On that note - everything callable by the kernel must be #![no_std]-compatible. This is a problem because a lot of core math routines - including basic stuff like powf and sin/cos require std and are not directly available in core. Since you have to use Nightly anyway, though, you can use many of them anyway by adding #![feature(core_intrinsics)] to your lib.rs file and then calling the unsafe intrinsics in core::intrinsics. Bizarrely, I ran into linker errors with some of the functions - notably the trigonometry functions like sin and cos - when I did this, although others worked fine. Ultimately, I ended up copying a pure-Rust implementation of these functions from the mish crate. It gets the job done, but it would be better if rustc could emit the sin/cos instructions so that these functions could be hardware-accelerated.

Additionally, there are a lot of things that CUDA programmers are used to which are just not accessible in rust. There is no way to access any memory space but global memory - local, shared, texture and constant memory are all unavailable. Furthermore, Accel does not yet provide anything beyond the basics - there are no streams and no asynchronous memory transfers.

Conclusion

Although it’s true that GPU-compatible Rust code is a lot more similar to C than I’d like, there are some aspects that make it worth the hassle.

Rust-on-the-GPU still provides a lot of the conveniences of regular Rust. Tuples make for an easy way to return multiple values. Enums and Structs all work as expected, including pattern-matching, destructuring and Option (frankly, Option alone is worth all of the trouble necessary to use Rust).
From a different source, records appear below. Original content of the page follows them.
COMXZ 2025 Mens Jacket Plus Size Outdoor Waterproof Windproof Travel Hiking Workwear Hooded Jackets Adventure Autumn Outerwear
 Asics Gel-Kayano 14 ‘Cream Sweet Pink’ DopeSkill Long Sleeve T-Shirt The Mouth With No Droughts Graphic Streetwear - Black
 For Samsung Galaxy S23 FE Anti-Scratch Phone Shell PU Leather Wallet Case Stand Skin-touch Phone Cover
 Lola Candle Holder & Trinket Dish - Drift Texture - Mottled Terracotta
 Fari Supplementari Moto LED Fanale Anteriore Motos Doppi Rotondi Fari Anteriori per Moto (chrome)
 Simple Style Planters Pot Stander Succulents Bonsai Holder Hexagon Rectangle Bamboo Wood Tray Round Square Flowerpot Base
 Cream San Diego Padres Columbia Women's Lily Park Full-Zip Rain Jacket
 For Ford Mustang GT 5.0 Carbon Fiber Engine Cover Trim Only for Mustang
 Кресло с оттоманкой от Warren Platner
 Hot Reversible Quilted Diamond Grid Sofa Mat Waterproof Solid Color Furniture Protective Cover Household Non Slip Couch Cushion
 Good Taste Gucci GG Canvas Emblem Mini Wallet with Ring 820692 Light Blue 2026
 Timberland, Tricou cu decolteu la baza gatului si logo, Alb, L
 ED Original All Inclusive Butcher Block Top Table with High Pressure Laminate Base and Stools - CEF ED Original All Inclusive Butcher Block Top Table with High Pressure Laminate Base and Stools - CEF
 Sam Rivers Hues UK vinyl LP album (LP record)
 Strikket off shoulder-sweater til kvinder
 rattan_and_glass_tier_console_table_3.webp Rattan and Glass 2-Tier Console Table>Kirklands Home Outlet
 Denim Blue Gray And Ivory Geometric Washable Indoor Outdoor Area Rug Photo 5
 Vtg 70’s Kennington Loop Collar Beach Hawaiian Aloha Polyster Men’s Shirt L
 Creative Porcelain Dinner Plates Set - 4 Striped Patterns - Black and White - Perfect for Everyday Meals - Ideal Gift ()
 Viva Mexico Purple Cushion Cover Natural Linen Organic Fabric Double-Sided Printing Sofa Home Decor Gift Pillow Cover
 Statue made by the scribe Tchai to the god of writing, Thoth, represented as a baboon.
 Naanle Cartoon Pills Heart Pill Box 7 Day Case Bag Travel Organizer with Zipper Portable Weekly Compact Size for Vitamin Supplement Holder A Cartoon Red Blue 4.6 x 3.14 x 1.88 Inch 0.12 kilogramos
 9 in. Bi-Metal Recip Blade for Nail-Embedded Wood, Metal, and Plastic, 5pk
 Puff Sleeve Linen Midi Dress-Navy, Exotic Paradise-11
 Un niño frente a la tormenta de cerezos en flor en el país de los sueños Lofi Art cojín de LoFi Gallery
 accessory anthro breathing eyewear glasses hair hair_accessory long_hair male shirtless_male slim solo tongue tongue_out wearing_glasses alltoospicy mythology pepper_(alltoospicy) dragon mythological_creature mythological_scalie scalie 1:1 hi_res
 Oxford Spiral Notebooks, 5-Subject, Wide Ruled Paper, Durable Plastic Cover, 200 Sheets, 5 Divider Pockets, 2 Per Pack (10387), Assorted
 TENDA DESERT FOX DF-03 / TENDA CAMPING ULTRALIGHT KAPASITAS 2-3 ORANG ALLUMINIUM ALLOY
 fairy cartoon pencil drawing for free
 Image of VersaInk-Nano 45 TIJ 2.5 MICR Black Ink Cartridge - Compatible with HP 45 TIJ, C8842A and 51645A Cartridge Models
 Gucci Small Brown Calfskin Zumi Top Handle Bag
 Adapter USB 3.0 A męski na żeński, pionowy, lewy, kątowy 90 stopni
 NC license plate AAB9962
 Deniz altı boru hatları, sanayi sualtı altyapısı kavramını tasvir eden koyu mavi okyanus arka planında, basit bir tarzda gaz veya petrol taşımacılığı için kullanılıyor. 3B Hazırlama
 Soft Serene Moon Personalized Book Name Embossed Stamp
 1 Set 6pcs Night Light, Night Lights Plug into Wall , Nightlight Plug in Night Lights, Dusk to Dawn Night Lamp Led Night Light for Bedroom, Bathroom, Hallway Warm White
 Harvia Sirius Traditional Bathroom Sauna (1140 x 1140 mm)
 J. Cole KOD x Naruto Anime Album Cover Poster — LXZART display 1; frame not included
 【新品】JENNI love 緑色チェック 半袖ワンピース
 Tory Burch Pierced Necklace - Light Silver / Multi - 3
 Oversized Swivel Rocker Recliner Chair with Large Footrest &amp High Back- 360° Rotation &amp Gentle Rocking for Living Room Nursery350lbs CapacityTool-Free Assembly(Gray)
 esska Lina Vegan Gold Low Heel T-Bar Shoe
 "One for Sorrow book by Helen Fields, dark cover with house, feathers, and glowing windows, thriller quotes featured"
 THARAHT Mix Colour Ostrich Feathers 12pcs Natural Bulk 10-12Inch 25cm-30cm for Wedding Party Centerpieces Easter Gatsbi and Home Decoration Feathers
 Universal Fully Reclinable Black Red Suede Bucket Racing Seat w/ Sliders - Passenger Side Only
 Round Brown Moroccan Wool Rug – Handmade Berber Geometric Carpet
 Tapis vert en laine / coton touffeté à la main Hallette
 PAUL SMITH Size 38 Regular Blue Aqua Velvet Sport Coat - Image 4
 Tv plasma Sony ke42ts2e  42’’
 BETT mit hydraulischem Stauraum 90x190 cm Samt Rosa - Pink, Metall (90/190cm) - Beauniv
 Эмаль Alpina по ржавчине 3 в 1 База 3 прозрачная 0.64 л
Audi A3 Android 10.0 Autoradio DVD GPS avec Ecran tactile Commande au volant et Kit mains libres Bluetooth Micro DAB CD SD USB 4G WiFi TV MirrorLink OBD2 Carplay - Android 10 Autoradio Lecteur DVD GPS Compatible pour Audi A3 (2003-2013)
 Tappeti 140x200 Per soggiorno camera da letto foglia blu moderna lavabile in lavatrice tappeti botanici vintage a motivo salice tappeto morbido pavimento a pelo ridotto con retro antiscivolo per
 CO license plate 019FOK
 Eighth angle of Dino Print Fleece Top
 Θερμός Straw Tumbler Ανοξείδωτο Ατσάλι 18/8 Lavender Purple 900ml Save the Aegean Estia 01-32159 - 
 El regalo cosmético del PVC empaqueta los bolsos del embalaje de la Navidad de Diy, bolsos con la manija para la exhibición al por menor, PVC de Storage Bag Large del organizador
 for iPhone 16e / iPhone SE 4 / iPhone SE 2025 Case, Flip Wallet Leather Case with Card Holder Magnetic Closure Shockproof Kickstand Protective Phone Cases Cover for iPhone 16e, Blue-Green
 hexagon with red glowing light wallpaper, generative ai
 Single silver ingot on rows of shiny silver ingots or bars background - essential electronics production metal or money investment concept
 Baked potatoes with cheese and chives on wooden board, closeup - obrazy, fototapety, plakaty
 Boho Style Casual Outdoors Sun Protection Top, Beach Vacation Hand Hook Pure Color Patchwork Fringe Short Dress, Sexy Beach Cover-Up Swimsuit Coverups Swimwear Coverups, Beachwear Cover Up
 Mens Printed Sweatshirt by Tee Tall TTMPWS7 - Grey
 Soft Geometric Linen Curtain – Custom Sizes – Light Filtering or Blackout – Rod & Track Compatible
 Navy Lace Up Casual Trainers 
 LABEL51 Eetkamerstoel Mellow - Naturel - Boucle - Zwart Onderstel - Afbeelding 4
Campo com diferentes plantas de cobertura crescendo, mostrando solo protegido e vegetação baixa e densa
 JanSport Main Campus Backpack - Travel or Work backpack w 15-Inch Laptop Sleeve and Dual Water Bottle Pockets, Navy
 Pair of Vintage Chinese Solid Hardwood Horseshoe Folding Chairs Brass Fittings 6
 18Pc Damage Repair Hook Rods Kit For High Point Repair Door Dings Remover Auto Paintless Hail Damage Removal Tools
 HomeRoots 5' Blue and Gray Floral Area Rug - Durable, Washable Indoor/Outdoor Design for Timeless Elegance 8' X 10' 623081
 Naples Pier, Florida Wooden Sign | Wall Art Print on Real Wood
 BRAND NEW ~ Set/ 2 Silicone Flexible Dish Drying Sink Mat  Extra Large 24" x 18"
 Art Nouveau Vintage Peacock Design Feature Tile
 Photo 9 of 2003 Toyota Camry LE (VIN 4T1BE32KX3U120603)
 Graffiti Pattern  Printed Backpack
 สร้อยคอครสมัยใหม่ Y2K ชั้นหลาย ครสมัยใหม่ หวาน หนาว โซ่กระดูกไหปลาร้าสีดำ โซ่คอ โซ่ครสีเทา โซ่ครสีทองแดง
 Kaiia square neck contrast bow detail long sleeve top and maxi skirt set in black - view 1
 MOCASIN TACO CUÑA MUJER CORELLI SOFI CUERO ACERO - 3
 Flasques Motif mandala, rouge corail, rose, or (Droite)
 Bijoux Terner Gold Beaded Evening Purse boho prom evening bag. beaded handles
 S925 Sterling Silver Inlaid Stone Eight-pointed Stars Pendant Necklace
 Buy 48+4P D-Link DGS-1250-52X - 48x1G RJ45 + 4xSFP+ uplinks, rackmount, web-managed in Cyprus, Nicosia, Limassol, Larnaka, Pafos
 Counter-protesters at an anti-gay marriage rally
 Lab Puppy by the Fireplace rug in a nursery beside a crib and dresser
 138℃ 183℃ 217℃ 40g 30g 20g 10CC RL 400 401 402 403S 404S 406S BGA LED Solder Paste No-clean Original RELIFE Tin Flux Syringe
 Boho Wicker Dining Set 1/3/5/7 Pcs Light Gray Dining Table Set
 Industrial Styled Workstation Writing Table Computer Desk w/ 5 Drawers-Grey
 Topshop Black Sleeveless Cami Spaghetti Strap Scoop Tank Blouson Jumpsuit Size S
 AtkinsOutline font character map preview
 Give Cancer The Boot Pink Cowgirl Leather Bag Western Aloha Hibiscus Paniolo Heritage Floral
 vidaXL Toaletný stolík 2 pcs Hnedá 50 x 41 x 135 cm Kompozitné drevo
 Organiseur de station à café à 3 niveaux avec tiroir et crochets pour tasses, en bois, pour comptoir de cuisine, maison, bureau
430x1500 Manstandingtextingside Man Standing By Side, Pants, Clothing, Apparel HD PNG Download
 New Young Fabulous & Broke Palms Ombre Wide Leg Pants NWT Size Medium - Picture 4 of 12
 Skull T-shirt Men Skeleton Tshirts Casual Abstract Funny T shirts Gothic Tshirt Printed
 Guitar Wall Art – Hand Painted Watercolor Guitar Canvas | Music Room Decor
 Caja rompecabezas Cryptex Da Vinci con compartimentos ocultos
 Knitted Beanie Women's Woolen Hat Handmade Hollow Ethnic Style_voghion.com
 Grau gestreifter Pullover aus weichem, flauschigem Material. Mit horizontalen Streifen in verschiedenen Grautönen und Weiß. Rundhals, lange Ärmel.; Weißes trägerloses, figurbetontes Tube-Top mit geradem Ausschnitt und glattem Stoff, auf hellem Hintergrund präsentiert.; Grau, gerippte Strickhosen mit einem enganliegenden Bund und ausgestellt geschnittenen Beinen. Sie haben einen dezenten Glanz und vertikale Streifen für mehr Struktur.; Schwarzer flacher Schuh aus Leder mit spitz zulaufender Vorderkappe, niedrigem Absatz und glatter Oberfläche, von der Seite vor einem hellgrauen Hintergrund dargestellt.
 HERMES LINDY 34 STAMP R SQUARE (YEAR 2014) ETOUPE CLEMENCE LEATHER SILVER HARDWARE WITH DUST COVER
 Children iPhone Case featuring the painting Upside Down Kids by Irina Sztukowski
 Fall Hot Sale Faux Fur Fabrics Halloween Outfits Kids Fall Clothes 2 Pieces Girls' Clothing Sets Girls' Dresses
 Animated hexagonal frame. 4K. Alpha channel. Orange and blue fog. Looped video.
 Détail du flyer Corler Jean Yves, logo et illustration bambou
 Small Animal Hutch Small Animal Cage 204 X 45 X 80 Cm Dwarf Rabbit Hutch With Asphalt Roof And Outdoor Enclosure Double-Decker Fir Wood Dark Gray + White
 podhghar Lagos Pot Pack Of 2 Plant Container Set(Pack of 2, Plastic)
I hope somebody out there finds this useful - this is the document that I wish that I’d had when I started this crazy project. With that said, though, all of this could benefit greatly from additional developer attention, from Accel all the way down to rustc and the LLVM PTX backend. It’s my hope that this post can raise some interest and awareness of some of the ways that Rust GPGPU support is not yet awesome. Maybe we’ll see some improvements in this area in the future!